Elle repose sur quatre principes clés :

 

Séparer la personne de l'enjeu

La première étape consiste à dissocier la personne et le problème à résoudre. Il convient donc de mettre de côté les préjugés, les opinions personnelles, la colère pour se concentrer sur la recherche d'une solution et non sur les émotions ressenties envers l'individu. 

En effet, dans une négociation, les émotions peuvent impacter négativement le processus et devenir un véritable obstacle. La méthode Harvard permet de comprendre que le problème est le réel ennemi et qu'il est essentiel de travailler en équipe pour trouver une solution adéquate. Il est donc important d'instaurer un climat propice à l'échange. 

 

Porter la négociation sur les intérêts et non sur la position 

Dans une négociation, les positions des deux parties sont opposées. Mais l'intérêt qu'elles partagent peut être commun. Il faut donc réussir à ne pas prendre parti et rester sur ses positions, mais se concentrer sur les besoins à couvrir et les intérêts à couvrir. En d'autres termes, il ne faut pas se focaliser sur la demande, mais sur la raison qui la motive.

Dans le cadre d'une négociation commerciale, intéressez-vous aux motivations d'achat de votre interlocuteur.

 

Proposer des solutions qui offrent un bénéfice mutuel

Dès que les intérêts des parties impliquées sont clairement connus, il faut passer au stade de réflexion et présenter des options. Il faut cependant toujours garder à l'esprit que le résultat doit être bon pour tout le monde, et qu'il n'affecte personne de façon négative. 

Pour ce faire, il faut partager ses idées, arrêter de vouloir s'accrocher à une réponse unique et chercher une solution où chaque intervenant est gagnant.

À cette étape, il s'agit aussi d'explorer les idées de l'interlocuteur avant de les accepter ou de les refuser, ce qui peut mener à d'autres pistes à explorer. 

 

Faire reposer les résultats sur des critères objectifs

Pour terminer la négociation, il est nécessaire de s'assurer que les résultats sont basés sur des faits objectifs.

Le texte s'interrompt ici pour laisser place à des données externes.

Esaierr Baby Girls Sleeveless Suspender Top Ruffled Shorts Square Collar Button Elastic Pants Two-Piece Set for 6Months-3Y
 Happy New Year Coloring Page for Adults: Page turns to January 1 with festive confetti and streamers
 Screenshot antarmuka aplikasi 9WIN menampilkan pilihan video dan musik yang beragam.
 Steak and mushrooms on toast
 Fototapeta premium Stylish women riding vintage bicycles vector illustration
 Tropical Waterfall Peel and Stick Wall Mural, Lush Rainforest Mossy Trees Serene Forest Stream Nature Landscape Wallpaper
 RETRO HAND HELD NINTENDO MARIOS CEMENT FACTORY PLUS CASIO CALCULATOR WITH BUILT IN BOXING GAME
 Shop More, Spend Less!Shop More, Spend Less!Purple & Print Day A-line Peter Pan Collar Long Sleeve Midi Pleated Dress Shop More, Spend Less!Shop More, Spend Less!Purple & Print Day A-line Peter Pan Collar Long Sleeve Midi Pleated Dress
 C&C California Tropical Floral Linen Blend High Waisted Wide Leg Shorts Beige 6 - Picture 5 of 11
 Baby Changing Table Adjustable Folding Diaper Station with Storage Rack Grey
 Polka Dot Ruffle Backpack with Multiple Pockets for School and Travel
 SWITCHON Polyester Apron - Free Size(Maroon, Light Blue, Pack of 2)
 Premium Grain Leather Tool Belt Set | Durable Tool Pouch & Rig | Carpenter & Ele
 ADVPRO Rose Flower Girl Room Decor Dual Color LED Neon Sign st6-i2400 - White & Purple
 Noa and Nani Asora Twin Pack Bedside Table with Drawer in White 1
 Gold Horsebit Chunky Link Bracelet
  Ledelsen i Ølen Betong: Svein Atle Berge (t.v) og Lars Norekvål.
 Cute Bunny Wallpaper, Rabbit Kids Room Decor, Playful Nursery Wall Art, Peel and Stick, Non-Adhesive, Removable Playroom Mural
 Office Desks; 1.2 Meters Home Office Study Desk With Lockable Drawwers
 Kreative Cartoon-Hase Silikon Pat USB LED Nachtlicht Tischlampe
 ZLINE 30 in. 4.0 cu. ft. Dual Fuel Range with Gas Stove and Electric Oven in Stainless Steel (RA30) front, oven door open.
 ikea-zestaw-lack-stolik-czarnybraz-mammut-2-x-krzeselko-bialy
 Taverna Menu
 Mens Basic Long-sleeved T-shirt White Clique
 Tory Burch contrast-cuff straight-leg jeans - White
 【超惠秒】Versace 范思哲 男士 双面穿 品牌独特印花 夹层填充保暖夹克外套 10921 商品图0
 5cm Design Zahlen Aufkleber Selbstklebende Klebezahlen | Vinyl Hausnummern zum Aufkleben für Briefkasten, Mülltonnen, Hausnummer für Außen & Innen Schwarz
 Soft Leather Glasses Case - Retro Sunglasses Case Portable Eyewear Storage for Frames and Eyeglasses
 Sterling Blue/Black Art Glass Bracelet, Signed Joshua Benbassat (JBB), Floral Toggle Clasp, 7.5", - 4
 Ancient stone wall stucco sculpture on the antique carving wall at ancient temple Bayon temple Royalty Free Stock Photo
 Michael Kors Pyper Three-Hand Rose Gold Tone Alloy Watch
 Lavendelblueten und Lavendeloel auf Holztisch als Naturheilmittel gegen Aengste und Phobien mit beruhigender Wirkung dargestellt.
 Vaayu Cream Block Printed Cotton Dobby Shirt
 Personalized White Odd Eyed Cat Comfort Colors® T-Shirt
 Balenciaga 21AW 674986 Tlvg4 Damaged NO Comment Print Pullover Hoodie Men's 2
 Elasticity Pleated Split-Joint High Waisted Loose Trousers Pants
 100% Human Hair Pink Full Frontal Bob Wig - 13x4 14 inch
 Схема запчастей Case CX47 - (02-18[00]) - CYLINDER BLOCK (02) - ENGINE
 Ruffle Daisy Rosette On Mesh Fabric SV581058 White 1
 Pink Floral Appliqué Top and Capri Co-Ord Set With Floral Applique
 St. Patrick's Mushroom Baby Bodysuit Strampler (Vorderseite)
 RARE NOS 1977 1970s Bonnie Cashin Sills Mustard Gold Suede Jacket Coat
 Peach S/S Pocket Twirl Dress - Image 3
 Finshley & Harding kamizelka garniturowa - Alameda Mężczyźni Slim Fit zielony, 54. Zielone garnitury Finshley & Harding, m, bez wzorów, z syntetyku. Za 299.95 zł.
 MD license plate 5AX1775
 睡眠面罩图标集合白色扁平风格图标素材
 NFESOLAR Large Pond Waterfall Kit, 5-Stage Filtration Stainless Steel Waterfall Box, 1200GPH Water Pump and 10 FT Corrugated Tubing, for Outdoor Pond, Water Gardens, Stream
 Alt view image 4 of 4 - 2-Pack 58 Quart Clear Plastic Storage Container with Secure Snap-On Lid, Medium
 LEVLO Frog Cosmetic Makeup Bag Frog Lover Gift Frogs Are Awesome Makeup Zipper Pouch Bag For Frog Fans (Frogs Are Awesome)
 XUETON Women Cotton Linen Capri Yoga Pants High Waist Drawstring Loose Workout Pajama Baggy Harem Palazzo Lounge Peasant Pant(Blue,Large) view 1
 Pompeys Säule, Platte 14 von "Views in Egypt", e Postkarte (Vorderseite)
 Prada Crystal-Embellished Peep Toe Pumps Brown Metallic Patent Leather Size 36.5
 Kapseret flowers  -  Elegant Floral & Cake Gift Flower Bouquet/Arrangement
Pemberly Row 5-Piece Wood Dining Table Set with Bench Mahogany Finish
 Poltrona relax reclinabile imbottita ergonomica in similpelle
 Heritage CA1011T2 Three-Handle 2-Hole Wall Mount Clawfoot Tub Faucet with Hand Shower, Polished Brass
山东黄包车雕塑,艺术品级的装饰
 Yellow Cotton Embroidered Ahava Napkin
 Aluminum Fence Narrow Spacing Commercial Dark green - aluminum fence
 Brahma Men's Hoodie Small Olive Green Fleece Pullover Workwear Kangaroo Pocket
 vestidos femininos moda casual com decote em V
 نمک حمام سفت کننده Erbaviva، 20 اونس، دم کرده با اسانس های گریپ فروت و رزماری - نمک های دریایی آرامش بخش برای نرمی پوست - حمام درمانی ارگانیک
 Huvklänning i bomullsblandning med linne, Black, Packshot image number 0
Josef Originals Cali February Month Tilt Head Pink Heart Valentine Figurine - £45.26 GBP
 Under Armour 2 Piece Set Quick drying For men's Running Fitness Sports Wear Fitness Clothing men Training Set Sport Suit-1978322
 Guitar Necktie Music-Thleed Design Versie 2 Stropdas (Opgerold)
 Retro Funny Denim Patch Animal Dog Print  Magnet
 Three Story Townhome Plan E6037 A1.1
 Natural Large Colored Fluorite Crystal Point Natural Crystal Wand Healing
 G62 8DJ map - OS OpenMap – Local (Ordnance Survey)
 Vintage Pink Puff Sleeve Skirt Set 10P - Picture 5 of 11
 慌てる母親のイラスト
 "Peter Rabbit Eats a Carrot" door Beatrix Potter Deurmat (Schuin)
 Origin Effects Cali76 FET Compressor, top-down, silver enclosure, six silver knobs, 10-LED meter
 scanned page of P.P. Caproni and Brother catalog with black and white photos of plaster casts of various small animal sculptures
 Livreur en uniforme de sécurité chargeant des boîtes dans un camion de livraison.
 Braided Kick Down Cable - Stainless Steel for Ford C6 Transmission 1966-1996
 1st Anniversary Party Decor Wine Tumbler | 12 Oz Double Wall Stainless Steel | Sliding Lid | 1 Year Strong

Il ne s'agit pas de penser et de chercher la meilleure issue pour soi, mais de se focaliser sur ce que tout le monde recherche. Il est alors conseillé d'avoir des critères mesurables pour contrôler que tout le monde reçoit bien le même traitement. 

En cas d'impasse, un plan B doit être anticipé dès le début. Il doit apporter une « meilleure solution de rechange », qui peut être de ne pas conclure la transaction. En effet, réussir sa négociation passe parfois par la faire échouer, lorsqu'il s'agit du meilleur résultat par rapport aux solutions proposées.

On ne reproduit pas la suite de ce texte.